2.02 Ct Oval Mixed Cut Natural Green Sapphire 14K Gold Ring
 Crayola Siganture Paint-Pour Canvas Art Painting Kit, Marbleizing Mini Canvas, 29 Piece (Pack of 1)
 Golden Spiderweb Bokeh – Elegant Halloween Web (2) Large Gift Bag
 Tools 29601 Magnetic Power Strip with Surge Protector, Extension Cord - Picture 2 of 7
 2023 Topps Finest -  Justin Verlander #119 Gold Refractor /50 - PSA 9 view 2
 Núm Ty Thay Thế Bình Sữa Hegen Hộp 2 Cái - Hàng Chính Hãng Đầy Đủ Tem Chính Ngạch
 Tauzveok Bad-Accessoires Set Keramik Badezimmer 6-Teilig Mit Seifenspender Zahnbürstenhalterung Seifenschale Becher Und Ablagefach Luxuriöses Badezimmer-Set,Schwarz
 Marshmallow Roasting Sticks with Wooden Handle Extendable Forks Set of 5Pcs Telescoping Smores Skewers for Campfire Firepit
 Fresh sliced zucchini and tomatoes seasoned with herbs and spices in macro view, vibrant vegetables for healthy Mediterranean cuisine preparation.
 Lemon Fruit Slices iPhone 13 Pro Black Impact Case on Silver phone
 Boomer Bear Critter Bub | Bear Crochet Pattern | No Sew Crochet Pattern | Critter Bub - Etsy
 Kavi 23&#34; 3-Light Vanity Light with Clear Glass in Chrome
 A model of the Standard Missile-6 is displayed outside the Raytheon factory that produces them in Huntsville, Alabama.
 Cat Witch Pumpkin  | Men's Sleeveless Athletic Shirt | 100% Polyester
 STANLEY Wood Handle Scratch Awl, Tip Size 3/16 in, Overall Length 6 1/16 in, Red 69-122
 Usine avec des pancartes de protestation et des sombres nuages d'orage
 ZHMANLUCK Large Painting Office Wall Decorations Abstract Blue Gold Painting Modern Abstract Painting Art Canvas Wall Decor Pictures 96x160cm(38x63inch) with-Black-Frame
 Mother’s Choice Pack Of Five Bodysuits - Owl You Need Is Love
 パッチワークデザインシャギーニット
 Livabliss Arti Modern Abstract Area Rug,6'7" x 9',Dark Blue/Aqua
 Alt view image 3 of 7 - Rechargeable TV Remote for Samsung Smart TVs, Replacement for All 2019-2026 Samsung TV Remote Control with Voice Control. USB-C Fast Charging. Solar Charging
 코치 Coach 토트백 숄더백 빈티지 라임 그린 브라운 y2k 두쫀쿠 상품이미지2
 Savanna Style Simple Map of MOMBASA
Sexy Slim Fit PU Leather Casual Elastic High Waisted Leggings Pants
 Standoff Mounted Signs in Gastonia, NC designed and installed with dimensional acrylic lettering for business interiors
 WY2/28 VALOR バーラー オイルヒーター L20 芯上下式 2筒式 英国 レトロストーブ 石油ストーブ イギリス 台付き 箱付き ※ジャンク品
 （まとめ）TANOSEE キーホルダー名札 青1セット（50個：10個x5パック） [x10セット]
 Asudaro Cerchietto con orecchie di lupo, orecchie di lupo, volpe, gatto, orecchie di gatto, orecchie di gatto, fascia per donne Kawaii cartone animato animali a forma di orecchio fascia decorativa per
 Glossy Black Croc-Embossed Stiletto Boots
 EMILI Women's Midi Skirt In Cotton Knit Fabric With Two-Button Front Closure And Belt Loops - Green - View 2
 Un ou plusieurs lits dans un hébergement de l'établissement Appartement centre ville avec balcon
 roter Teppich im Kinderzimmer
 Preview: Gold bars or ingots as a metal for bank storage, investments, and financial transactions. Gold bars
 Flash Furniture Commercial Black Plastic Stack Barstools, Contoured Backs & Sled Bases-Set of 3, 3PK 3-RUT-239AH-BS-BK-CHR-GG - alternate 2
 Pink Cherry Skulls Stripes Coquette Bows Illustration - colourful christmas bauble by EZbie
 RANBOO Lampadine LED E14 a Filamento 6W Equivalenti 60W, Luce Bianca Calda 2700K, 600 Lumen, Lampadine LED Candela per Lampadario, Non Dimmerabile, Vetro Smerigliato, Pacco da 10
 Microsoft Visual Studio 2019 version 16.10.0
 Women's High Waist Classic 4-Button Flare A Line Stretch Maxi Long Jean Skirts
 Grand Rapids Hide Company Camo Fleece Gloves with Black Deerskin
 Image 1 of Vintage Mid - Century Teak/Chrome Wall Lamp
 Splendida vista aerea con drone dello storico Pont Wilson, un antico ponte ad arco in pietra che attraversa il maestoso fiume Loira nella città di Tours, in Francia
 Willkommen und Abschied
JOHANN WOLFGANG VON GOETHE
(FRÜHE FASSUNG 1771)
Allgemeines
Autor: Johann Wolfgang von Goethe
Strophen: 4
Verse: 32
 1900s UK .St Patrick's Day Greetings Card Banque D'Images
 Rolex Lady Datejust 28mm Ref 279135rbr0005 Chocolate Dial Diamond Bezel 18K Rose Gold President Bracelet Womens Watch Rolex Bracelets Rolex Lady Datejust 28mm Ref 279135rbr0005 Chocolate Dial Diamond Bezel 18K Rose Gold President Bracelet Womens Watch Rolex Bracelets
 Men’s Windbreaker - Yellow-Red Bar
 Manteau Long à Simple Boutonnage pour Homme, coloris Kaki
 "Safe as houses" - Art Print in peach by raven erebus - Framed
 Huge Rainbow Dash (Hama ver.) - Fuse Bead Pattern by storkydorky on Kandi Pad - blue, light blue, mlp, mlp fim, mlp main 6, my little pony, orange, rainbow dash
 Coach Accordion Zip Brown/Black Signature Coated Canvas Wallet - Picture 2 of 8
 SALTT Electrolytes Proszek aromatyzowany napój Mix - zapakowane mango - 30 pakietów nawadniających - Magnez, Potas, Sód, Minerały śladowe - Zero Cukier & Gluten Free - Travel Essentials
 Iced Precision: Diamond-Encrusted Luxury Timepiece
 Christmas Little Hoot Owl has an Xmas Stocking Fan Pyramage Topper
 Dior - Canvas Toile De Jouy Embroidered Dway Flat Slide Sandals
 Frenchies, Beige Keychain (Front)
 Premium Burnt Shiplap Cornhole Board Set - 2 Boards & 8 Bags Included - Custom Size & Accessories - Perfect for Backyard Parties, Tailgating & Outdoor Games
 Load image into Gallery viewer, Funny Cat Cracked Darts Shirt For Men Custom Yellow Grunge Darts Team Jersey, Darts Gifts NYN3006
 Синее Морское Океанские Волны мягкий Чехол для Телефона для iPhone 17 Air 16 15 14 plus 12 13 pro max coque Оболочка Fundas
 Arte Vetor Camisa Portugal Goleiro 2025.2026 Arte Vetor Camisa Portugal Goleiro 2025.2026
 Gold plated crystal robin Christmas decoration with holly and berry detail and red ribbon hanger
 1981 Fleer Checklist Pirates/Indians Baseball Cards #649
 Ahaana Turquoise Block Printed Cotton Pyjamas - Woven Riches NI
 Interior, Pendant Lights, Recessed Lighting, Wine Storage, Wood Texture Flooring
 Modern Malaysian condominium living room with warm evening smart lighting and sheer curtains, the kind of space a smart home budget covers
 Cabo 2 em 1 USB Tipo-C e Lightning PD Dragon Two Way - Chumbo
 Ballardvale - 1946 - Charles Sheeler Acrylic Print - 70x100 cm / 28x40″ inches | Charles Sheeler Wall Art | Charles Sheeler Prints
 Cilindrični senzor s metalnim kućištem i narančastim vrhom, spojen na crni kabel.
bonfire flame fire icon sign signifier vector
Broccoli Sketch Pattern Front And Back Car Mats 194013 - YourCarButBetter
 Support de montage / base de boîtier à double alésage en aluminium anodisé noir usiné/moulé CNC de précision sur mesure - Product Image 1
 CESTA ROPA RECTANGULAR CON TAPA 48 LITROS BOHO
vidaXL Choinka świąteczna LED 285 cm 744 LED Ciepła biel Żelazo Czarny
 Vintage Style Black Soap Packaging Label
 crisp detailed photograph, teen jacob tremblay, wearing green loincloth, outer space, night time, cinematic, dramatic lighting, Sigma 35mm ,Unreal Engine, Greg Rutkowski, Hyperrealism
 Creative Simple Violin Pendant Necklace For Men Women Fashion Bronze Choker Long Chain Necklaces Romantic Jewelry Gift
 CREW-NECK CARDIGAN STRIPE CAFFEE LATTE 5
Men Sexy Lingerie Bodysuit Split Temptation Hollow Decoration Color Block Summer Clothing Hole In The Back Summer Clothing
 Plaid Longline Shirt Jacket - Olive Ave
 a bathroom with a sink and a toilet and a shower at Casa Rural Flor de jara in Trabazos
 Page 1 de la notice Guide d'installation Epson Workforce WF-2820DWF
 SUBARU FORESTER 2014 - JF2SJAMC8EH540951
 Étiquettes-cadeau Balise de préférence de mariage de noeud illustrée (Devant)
★ ★ ★
**EXERCISE GOAL:**
Only those lines of the entries above that run from the line containing "Cat Witch Pumpkin" to the line containing "Standoff Mounted Signs", both included, should be transcribed exactly.

**TASK RESPONSE:**
 Cat Witch Pumpkin  | Men's Sleeveless Athletic Shirt | 100% Polyester
 STANLEY Wood Handle Scratch Awl, Tip Size 3/16 in, Overall Length 6 1/16 in, Red 69-122
 Usine avec des pancartes de protestation et des sombres nuages d'orage
 ZHMANLUCK Large Painting Office Wall Decorations Abstract Blue Gold Painting Modern Abstract Painting Art Canvas Wall Decor Pictures 96x160cm(38x63inch) with-Black-Frame
 Mother’s Choice Pack Of Five Bodysuits - Owl You Need Is Love
 パッチワークデザインシャギーニット
 Livabliss Arti Modern Abstract Area Rug,6'7" x 9',Dark Blue/Aqua
 Alt view image 3 of 7 - Rechargeable TV Remote for Samsung Smart TVs, Replacement for All 2019-2026 Samsung TV Remote Control with Voice Control. USB-C Fast Charging. Solar Charging
 코치 Coach 토트백 숄더백 빈티지 라임 그린 브라운 y2k 두쫀쿠 상품이미지2
 Savanna Style Simple Map of MOMBASA
Sexy Slim Fit PU Leather Casual Elastic High Waisted Leggings Pants
 Standoff Mounted Signs in Gastonia, NC designed and installed with dimensional acrylic lettering for business interiors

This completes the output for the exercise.